> _Task directions_
Transcribe exactly the line with "Gauhar Azara Zam" and each line that follows it in the listing, down to the last, omitting all pictures.

> _Dataset content_
BEGIN

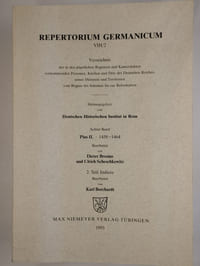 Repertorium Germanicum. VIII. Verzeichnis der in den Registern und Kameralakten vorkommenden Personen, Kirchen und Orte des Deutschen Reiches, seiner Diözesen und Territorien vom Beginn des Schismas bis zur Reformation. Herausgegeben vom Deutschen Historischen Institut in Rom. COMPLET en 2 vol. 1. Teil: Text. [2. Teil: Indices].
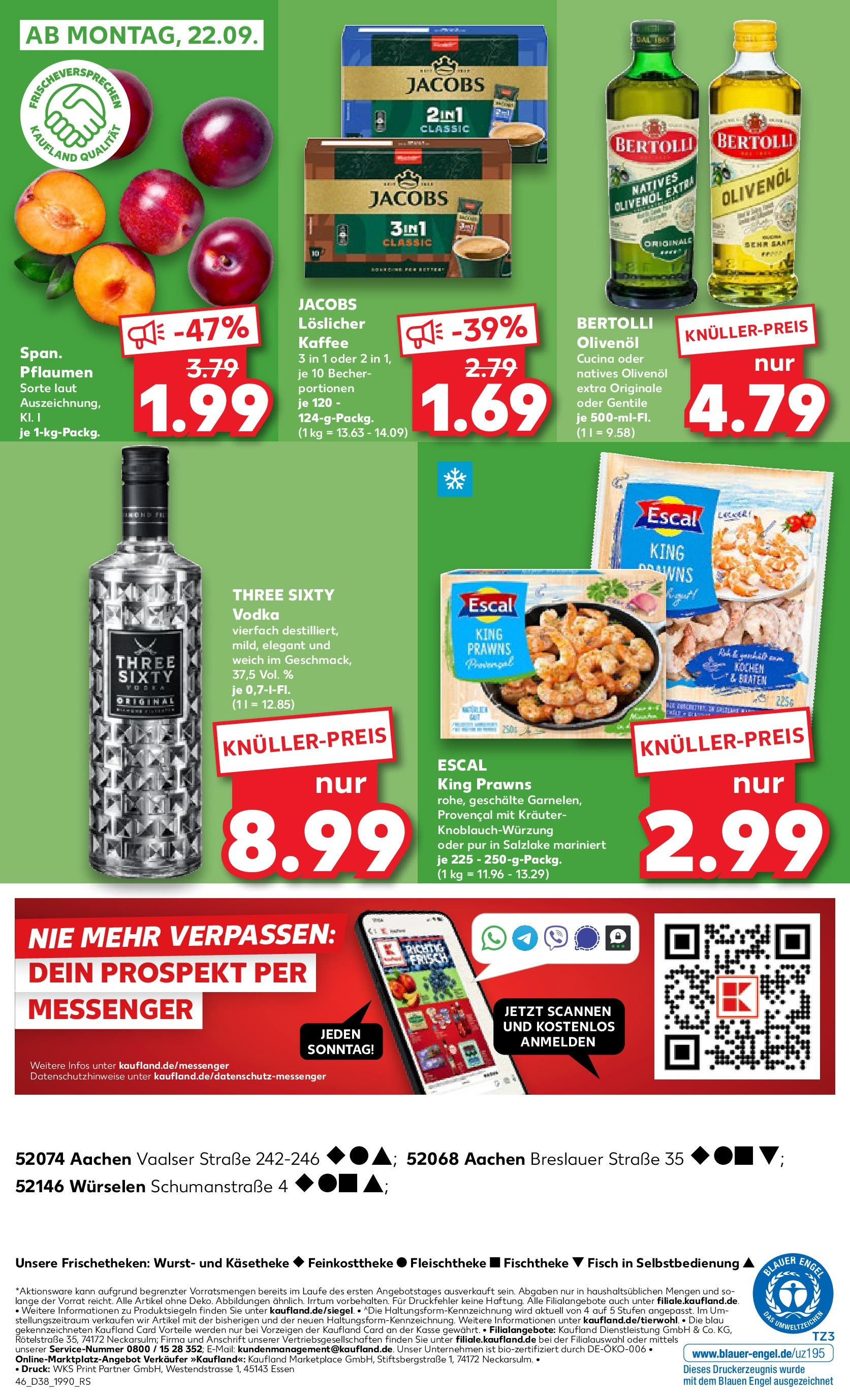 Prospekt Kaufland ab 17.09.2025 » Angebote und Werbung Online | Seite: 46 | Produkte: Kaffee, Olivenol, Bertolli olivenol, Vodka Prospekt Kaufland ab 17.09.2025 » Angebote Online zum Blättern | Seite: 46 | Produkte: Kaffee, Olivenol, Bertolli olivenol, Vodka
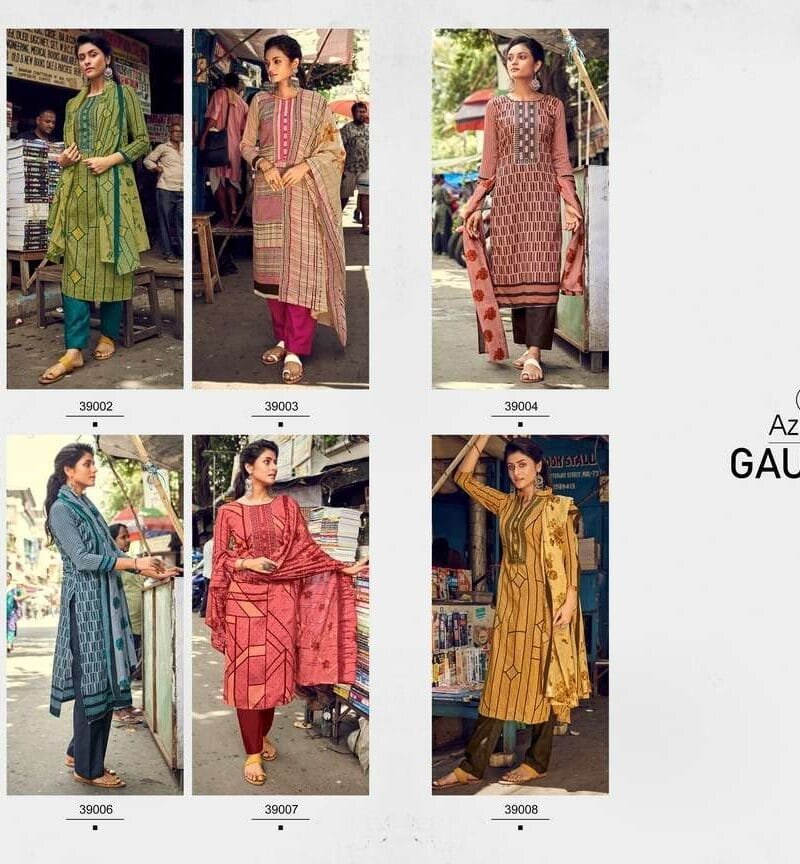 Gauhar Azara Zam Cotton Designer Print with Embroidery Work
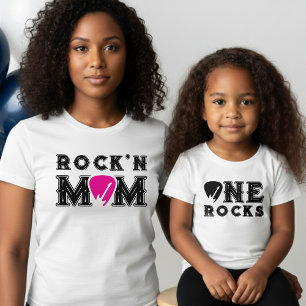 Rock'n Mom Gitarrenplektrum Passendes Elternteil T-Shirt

END

> _Response to the exercise_
 Gauhar Azara Zam Cotton Designer Print with Embroidery Work
 Rock'n Mom Gitarrenplektrum Passendes Elternteil T-Shirt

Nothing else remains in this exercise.